Sorry about the multiple postings of the same comment. They are not worth being stated more than once. I don't know why that happened, and, alas, I don't know how to delete them.

Brian
 

Sorry about the multiple postings of the same comment. They are not worth being stated more than once. I don't know why that happened, and, alas, I don't know how to delete them.

Brian

# posted by Brian Tamanaha : 9:58 AM


Go into "Post a Comment" and click on the trash can next to the post you want to delete.
 

Beautiful essay from Professor Balkin above....

On a related note.

From his "Original Meaning and Constitutional Redemption" paper:

"Constitutional interpretation is premised on faith in the constitutional project. This is a faith that the constitutional system as a whole is worthy of legitimacy and respect or will come to be so over time, even if important aspects of the document and its associated institutions are imperfect and unjust. Interpretive fidelity thus requires faith in the redeemability of the Constitution over time; hence my theory of interpretation is a theory of redemptive constitutionalism."

Yes indeed.
 

The recent spate of commentary on constitutional theories of interpretation is staggering, as the debate continues with textualism, originalism, living constitutionalism and their old and new variations, and presidential candidates weigh in offering their views on judicial appointments. Are we getting closer to a state of constitutional nirvana? Can we expect to come to closure on a constitutional theory of interpretation that will be acceptable to We the People if not to constitutional scholars?

Prof. Tribe has apparently given up, at least for the time being, resolving what is the law with respect to the Constitution for purposes of his treatise. Perhaps he has come to the conclusion that there will always be controversy and dispute, what with our political system.

Prof. Paul A. Freund in the Foreword to Thomas Reed Powell’s “Vagaries and Varieties in Constitutional Interpretation” (1955, Columbia Univ. Press) states that Powell “ … steadfastly forbore to compose a more systematic study; he was forever skeptical of generalizations and he had a low opinion of the merely expository – what he called deprecatingly recitativo.” This despite the fact that Powell “ … was an indefatigable and articulate critic of the Supreme Court over a professional span of fifty years.
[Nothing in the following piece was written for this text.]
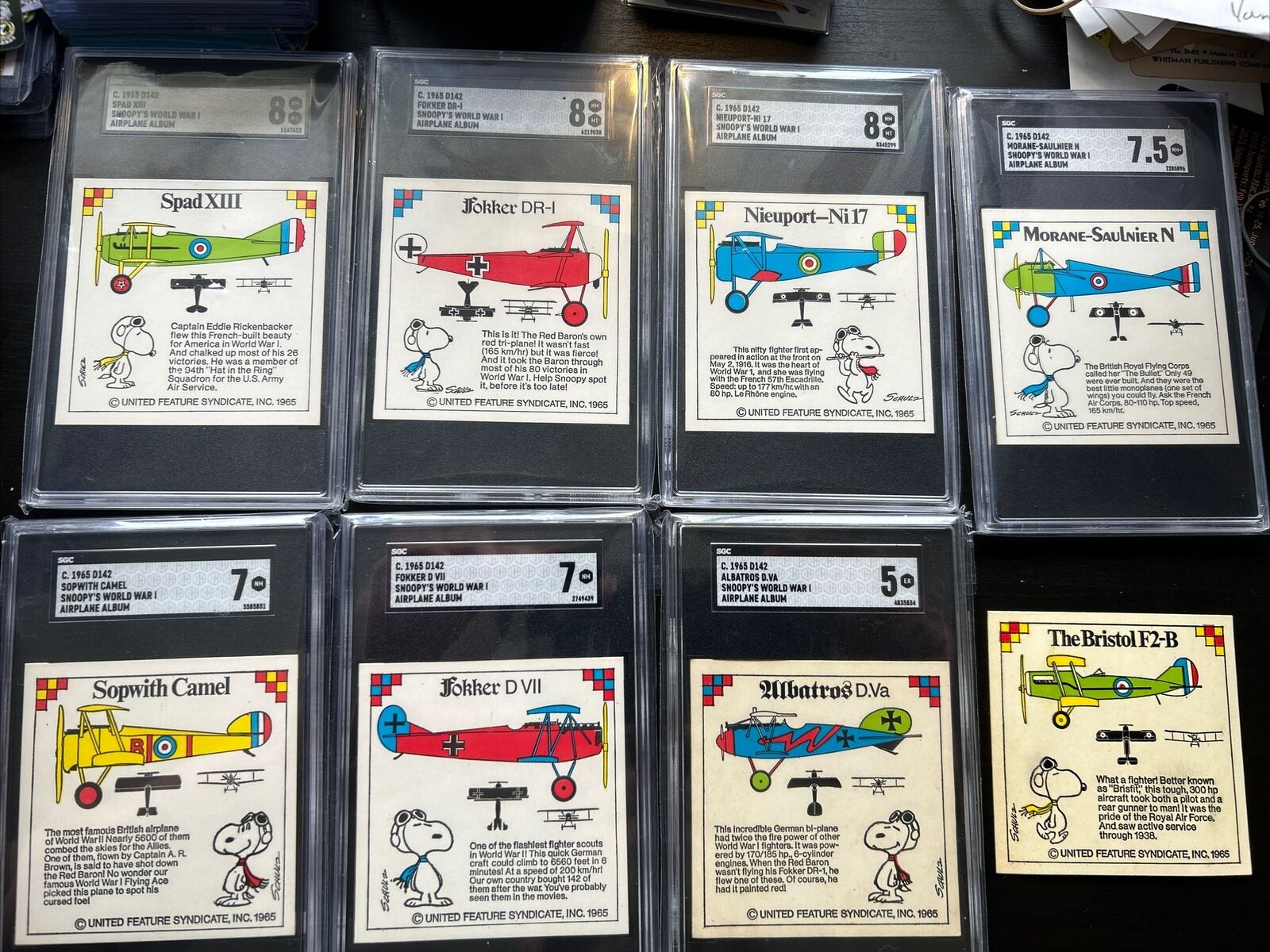 Snoopy 1965 D142 World War 1 Airplane Album Complete Set Stickers High Grades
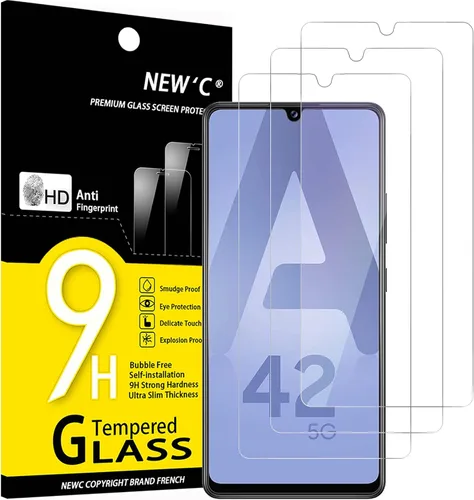 Miniatura 18 de NEW'C Paquete de 3 protectores de pantalla de vidrio templado diseñados para Samsung Galaxy A12, Galaxy A02s, resistente a los arañazos, sin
So long as the Court was prepared to challenge, he was ready to respond, and this he did in a current of essays numbering close to two hundred.”

I try to follow the current commentary but the volume is overwhelming, especially when one constitutional scholar questions or challenges other scholars’ works followed by the latter’s responses, etc, thus challenging the reader to study even more commentary. With time limitations we all have, this may be like rooting for our favorite sports team. I’m with Jack and with Bruce Ackerman although Jack may disagree with Bruce in certain regards, perhaps prompting a response from Bruce, which may then pressure me to choose between them.
 

"Equal protection under the law" means the same as "separate, but equal." So said the jurists in Plessy. Frankly, it does not require a degree in hermeneutics, simply a nominalist understanding of how language functions. But if Kelo decides "public use" means government's use by private means and extortion, maybe the problem is not hermeneutics, but casuistry, and a court that has taken PostModernism's attacks on essentialism as valid? Sure, essentialism is a "straw man," but who on the court knows the meaning of fallacy? Especially when Tamanaha's encomium of Richard Rorty as "one of three greatest philosophers" leaves philosophers dumbfounded, as does Scalia?

Would William of Ockham's Theory of Terms and Theory of Propositions, i.e., Summa logicae, be beyond the grasp of your average jurist, attorney, but not your average person? Not if Richard Rorty is the standard!